We always hear about how good water is for us. But is there such a thing as water overload? Can you drink too much water?

The fast answer? "You absolutely can, and doing so can cause a condition called hyponatremia," says Ginger Hultin, RD, a Seattle-based spokesperson for the Academy of Nutrition and Dietetics. "This is when there's excess fluid in the body that causes low levels of sodium, a critical electrolyte required for proper functioning of the body."

When hyponatremia occurs, the water levels in your body increase and your cells start to swell. Symptoms of hyponatremia range from nausea, vomiting, headache, fatigue and confusion to more serious ones such as seizures, coma and even death, according to the Mayo Clinic.

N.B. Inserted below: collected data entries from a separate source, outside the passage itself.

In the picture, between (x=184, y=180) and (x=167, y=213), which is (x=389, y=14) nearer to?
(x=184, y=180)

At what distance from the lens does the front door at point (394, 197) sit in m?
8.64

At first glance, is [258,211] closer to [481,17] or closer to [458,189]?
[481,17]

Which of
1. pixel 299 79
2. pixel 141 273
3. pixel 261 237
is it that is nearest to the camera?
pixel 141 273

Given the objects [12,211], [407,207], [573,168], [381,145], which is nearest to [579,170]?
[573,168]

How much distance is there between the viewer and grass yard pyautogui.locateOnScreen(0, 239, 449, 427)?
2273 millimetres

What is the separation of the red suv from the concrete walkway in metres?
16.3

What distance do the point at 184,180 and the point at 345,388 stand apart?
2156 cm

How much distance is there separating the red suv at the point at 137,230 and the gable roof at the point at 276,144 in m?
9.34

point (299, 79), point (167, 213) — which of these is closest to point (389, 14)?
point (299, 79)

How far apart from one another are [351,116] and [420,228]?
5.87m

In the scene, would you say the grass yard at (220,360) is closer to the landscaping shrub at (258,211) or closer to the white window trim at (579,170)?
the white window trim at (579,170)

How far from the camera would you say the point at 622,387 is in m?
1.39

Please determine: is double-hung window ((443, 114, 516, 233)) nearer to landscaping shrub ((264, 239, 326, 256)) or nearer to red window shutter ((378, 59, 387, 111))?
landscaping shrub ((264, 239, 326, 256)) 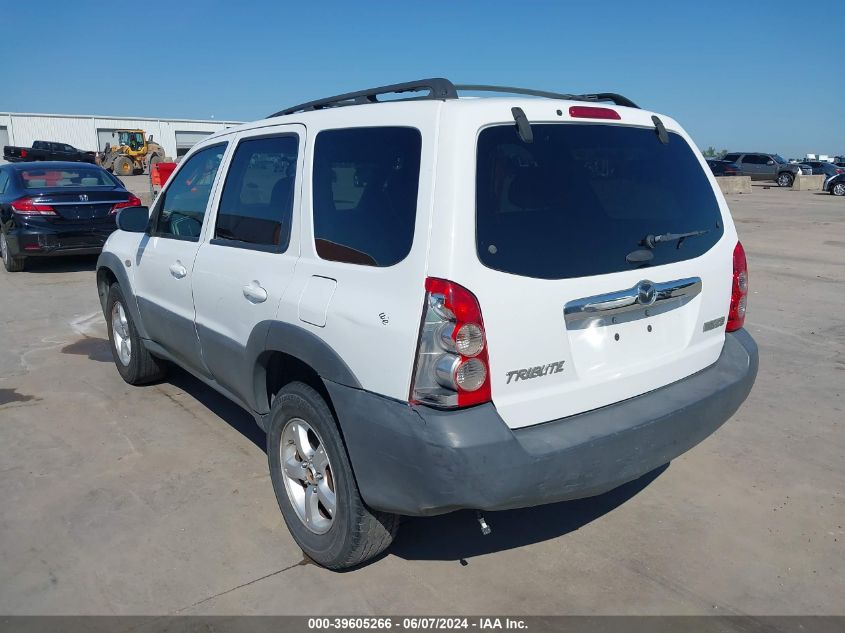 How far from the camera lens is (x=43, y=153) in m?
38.5

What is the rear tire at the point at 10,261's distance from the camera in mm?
10453

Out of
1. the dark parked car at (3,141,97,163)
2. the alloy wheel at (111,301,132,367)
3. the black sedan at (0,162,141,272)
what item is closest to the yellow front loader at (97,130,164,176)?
the dark parked car at (3,141,97,163)

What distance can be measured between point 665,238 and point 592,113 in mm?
612

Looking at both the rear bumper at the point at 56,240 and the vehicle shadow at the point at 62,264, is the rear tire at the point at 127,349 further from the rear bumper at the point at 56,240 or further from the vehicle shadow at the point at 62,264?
the vehicle shadow at the point at 62,264

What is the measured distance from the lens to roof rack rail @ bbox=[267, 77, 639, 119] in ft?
9.20

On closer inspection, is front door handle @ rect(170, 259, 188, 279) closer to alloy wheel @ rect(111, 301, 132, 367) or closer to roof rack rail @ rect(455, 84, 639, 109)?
alloy wheel @ rect(111, 301, 132, 367)

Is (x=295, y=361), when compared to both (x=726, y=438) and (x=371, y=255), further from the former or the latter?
(x=726, y=438)

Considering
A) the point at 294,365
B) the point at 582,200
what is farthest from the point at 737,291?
the point at 294,365

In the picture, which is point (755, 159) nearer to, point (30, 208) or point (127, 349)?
point (30, 208)

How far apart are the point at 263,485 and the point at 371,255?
1.82m

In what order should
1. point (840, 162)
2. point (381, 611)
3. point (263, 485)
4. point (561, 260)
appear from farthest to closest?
point (840, 162)
point (263, 485)
point (381, 611)
point (561, 260)

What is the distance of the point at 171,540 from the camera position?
11.1 feet

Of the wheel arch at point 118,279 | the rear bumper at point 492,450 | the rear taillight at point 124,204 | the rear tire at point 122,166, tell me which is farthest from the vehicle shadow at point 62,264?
the rear tire at point 122,166

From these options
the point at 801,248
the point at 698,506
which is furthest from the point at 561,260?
the point at 801,248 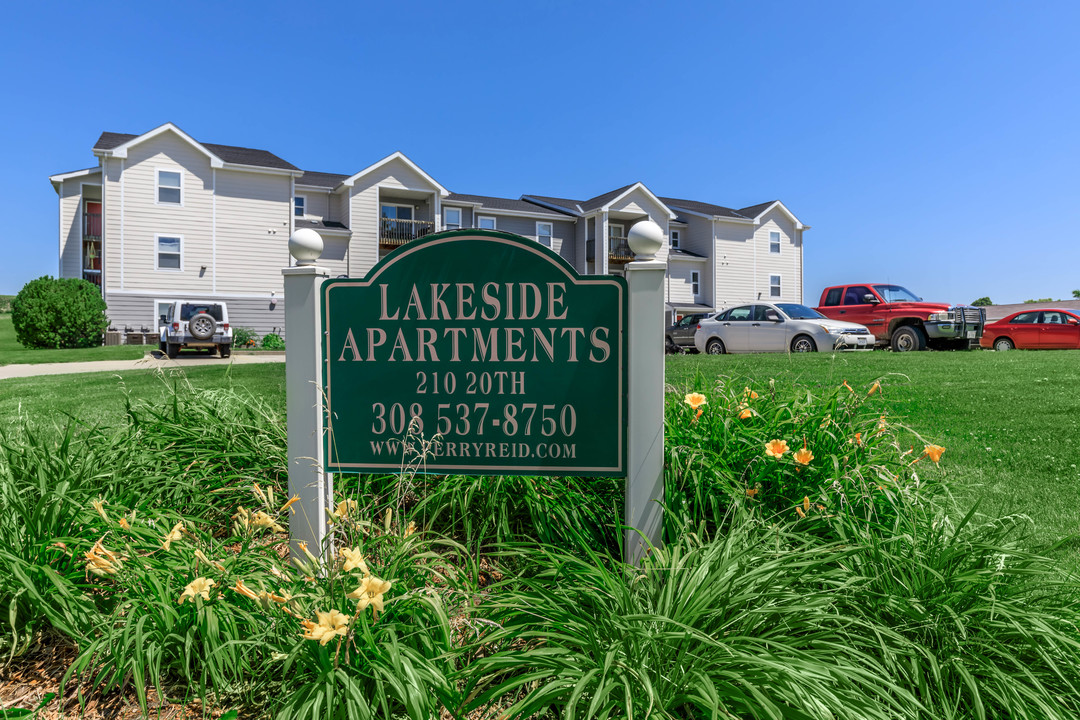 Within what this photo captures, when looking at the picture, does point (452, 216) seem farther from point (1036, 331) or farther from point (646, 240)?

But how much water is too much? "Drinking more than the kidneys can eliminate could cause hyponatremia in some people," says Hultin, noting that the kidneys can eliminate 27 to 34 ounces of water per hour, or a total of 676 to 947 ounces (20 to 28 liters) per day. More than that might put you in the danger zone.

Exercise and hot weather can lead people to overdo their water intake, Hultin says, citing reports of hyponatremia in soldiers and in marathon runners. "Some of the biggest risk factors [of hyponatremia] include drinking excessive water while sweating or during prolonged sports of over an hour and not replacing electrolytes like sodium with food or properly formulated sports hydration beverages," she adds.

So how much water do you actually need in a day? For the typical healthy adult living in a temperate climate, about 15.5 cups (125 ounces) for men and 11.5 cups (91 ounces) for women should do it. These are the intakes established as adequate by The National Academies of Sciences, Engineering, and Medicine.

When assessing your water needs, be aware that you get water from sources besides water. "Keep in mind that you get fluids from the foods you eat and also beverages like juice, tea and coffee," says Hultin.

Also be aware that your water needs can change based on your activities, lifestyle, life stage (such as pregnancy or older adulthood) and state of health. Curious about how much water intake will meet your unique needs? A registered dietitian nutritionist can help you determine this. You can find one in your area by using the "find an expert" tool at eatright.org.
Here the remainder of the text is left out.